At least your post outlined your criticisms from a basepoint of reason--Dreher’s is all emotion and bitching and generalizations that could easily be misconstrued.  Perhaps not entirely his fault, but he ought to learn to communicate more effectively if he hopes to not be misunderstood.

Posted by Thrill on 07/25/07 at 01:16 PM from United States

Flying Monkey Overlord:

For Islam to be reformed, a lot of textual changes would have to be made

I need you to clarify this: are you saying that Islam is so fundamentally repressive and violent that any change is impossible?  Please explain.

Heartless Libertarian:

The Reformation was in fact a conservative backlash by Luther and others who felt that the Catholic Church had become far too involved in the secular affairs of men

And this is a major problem with Islam.
“In Islam, God is Caesar” -Samuel Huntington

The Reformation, originally, was about bringing Christianity back to what was felt to be its original precept--that all governments and human institutions were transitory and would be rendered irrelevant after Christ’s return.

I hate to sound like I’m arguing semantics, but I would call that anything but conservative.  Radical perhaps.

When I say that Islam needs a “Reformation”, it’s probable that a better word is “Renaissance”.  How about that?

Posted by on 07/25/07 at 04:06 PM from United States

I hate to sound like I’m arguing semantics, but I would call that anything but conservative.  Radical perhaps.

From a semantical perspective, the conservative nature of the early Reformation was its adherence to the notion of early, that is to say, Traditionalist, interpretation of Christianity.  As an analogy, most American conservatives adhere to an interpretation of democracy that attempts to hew to those of the Founding Fathers while maintaining a healthy respect and faith in the ideals they set forth.

Remember that not all forms of radicalism are inherently wrong--the form of government that was initially set up here was quite radical for its time, even taking into account its influences from English common law.  For the Romans, early Christianity was certainly radical in part because they refused to subscribe to the cult of the Emperor, and were thus seen as trying to undermine the Empire as a whole.

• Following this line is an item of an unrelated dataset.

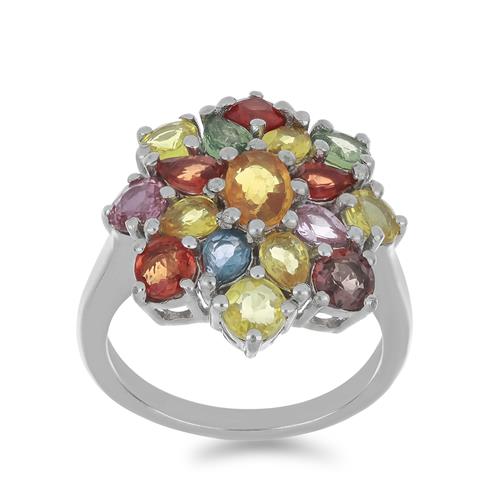 BUY 925 SILVER  MULTI SAPPHIRE GEMSTONE CLUSTER RING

When I say that Islam needs a “Reformation”, it’s probable that a better word is “Renaissance”.  How about that?

Even this is somewhat misleading.  The Renaissance is popularly seen as the cultural emergence from insular, stunted Christianity, but the reality is that Judeo-christian themes and influences dominated European culture all the way up to the early 1700s.  A better term, perhaps, would be an Islamic Enlightenment that respected the contributions of early Islam while questioning the application of certain interpretations to the realities of the everyday world, but as the French Terror shows, even that can devolve into its own form of cultural oppression.

I think this ultimately gets back to Lee’s point earlier that what we know as “liberal democracy” is not a natural state for human kind and is dependant on a centuries-long development of respect for individual rights.  Because this concept is antithetical to most interpretations of Islam (the whole idea of the religion being ultimate submission), it’s difficult for me to believe that OUR kind of democracy would have any hold in the Islamic world.

Posted by Thrill on 07/25/07 at 04:14 PM from United States

A better term, perhaps, would be an Islamic Enlightenment

Good enough.  I still say that it will originate among Muslims in the US.

it’s difficult for me to believe that OUR kind of democracy would have any hold in the Islamic world.

Maybe so, but can it really be that they will never have a choice between nothing but brutal dictatorships and complacent monarchies?